Remember these basic trig relationships and identities:

x = r cos Θ ----> x² = r² cos² Θ
y = r sin Θ ----> y² = r² sin² Θ
cos² Θ + sin² Θ = 1

If we substitute r cos Θ for x and r sin Θ for y in the original equation we get this:

x² + y² - 3y = 0 ----> ** r² cos² Θ + r² sin² Θ - 3 (r sin Θ) = 0 **.

r² cos² Θ + r² sin² Θ = r² (cos² Θ + sin² Θ).

Since cos² Θ + sin² Θ = 1, then the starred equation above collapses to r² (1) - 3 (r sin Θ) = r² - 3r (sin Θ) = 0.

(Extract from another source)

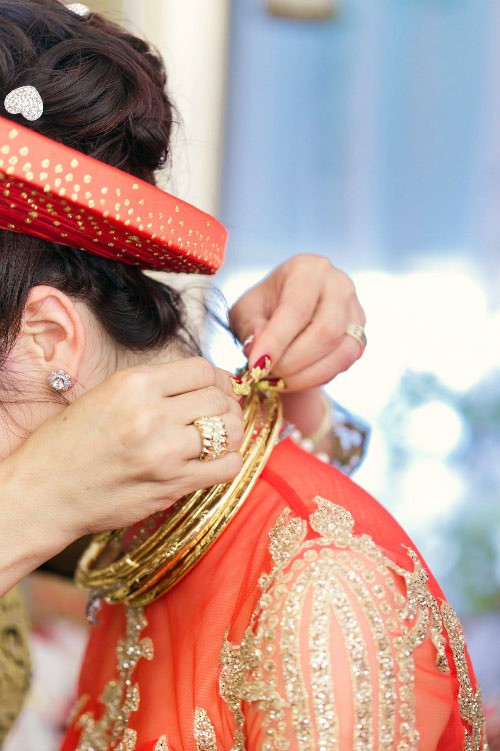 Đám cưới tại lâu đài trăm tỷ, rước dâu bằng Rolls-Royce và máy bay: Nam Định xứng đáng đứng đầu về độ chịu chơi tổ chức đám cưới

We can simplify the above equation even further:

r² - 3r (sin Θ) = 0 ----> r² = 3r (sin Θ).

Now divide both sides by r:

(r²) / r = (3 r) / r (sin Θ) ----> r = 3 sin Θ.

So the given rectangular coordinate equation is equivalent to the polar equation:

r = 3 sin Θ.

Answer 2

x^2+y^2=r^2 and y= rsin(theta)
so i guess it's r^2+rsin(theta)=0